Data supplied –
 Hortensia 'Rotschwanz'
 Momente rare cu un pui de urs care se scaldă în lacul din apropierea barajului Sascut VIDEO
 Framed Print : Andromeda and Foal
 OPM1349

* * *

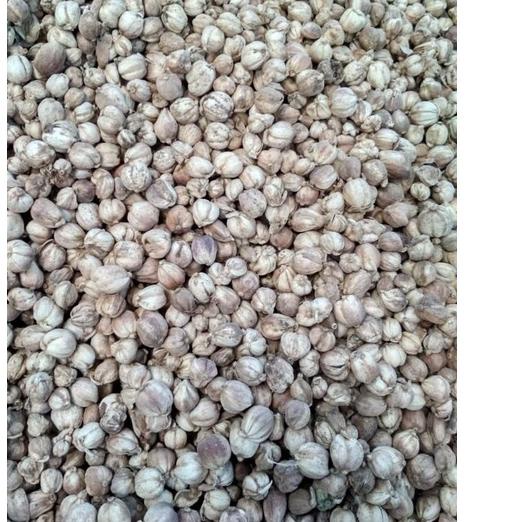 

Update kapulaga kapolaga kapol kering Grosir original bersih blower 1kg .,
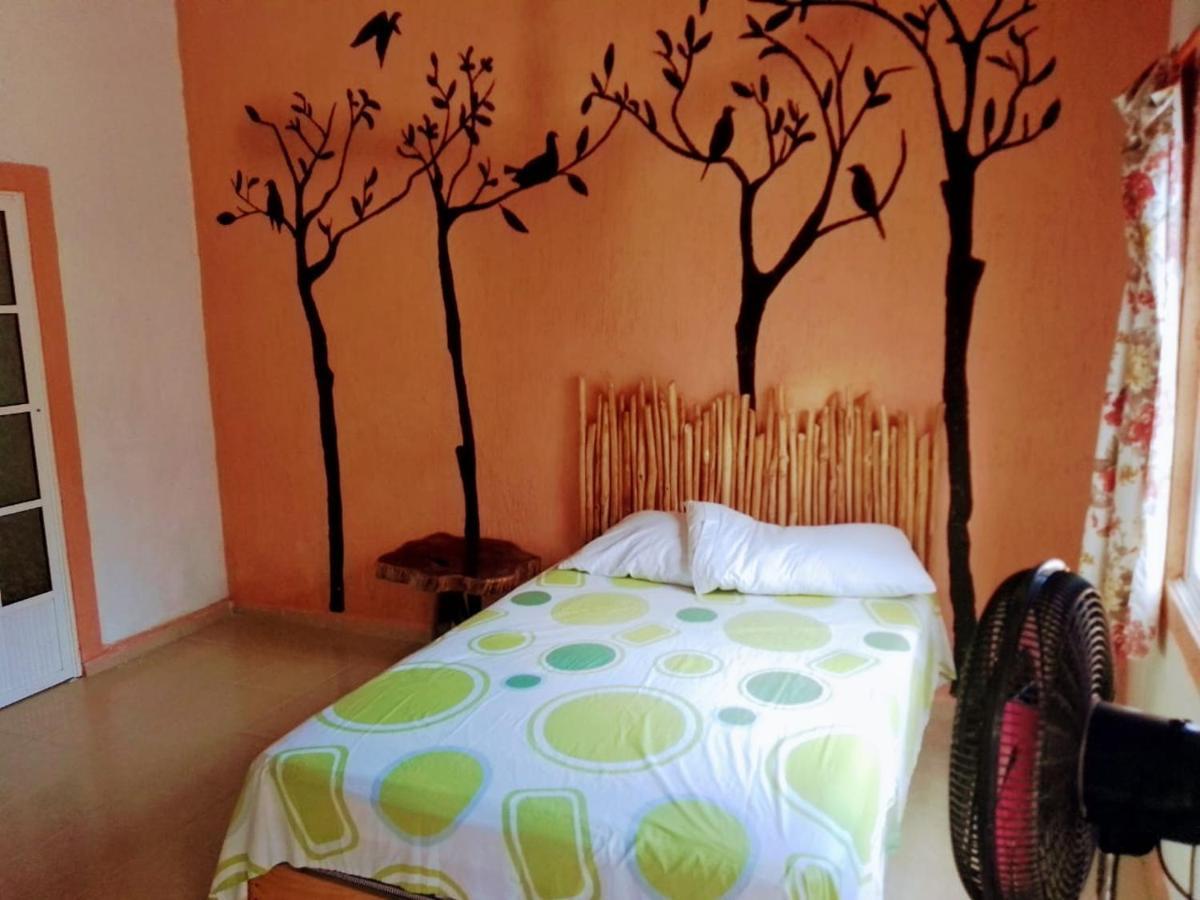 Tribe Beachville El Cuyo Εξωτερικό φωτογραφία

...

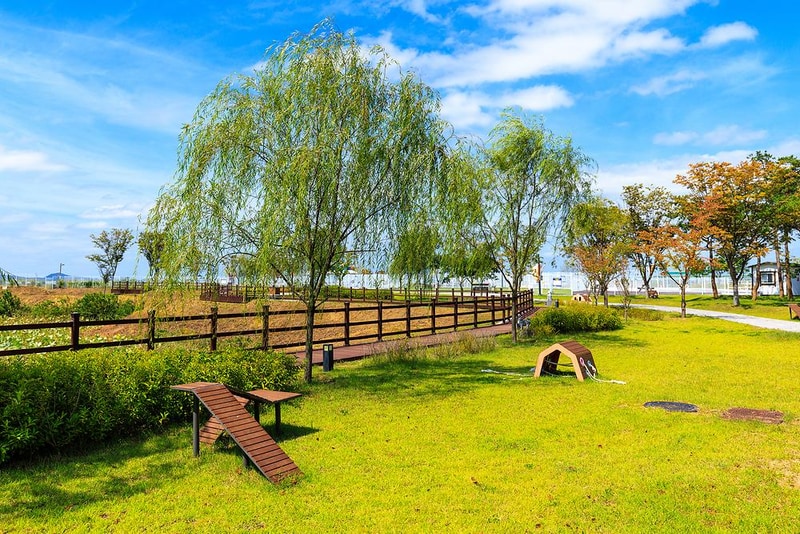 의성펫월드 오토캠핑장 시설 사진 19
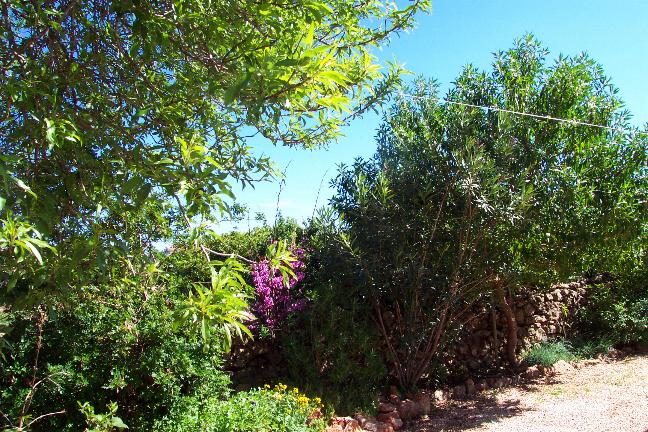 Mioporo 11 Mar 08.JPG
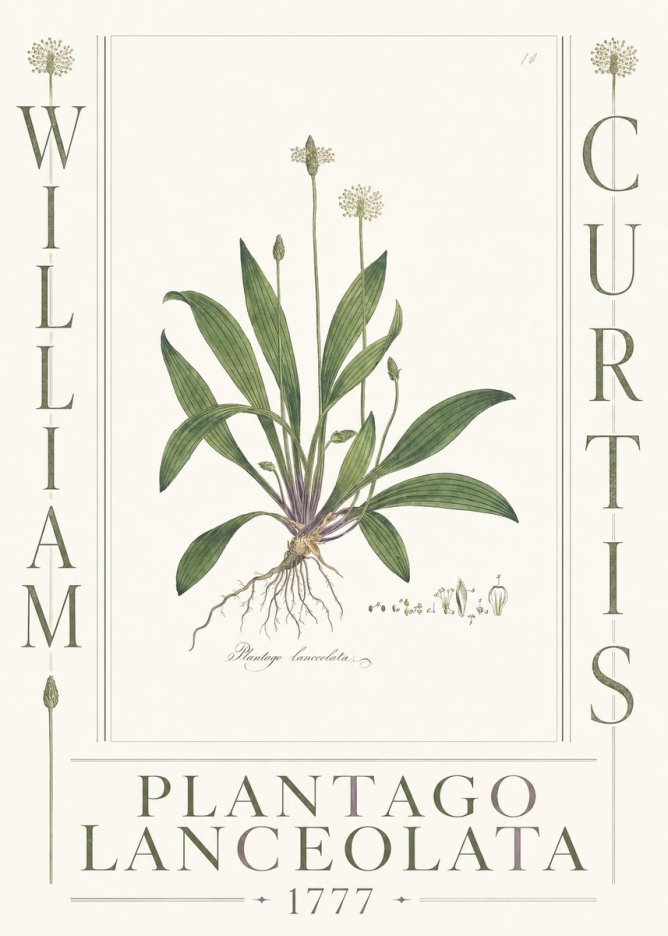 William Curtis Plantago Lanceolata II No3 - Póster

Your instructions – The response must repeat exactly the lines above from the one with "Update kapulaga kapolaga" through the one with "Tribe Beachville El", including both, and must contain no pictures and no other text.

Your response –
Update kapulaga kapolaga kapol kering Grosir original bersih blower 1kg .,
 Tribe Beachville El Cuyo Εξωτερικό φωτογραφία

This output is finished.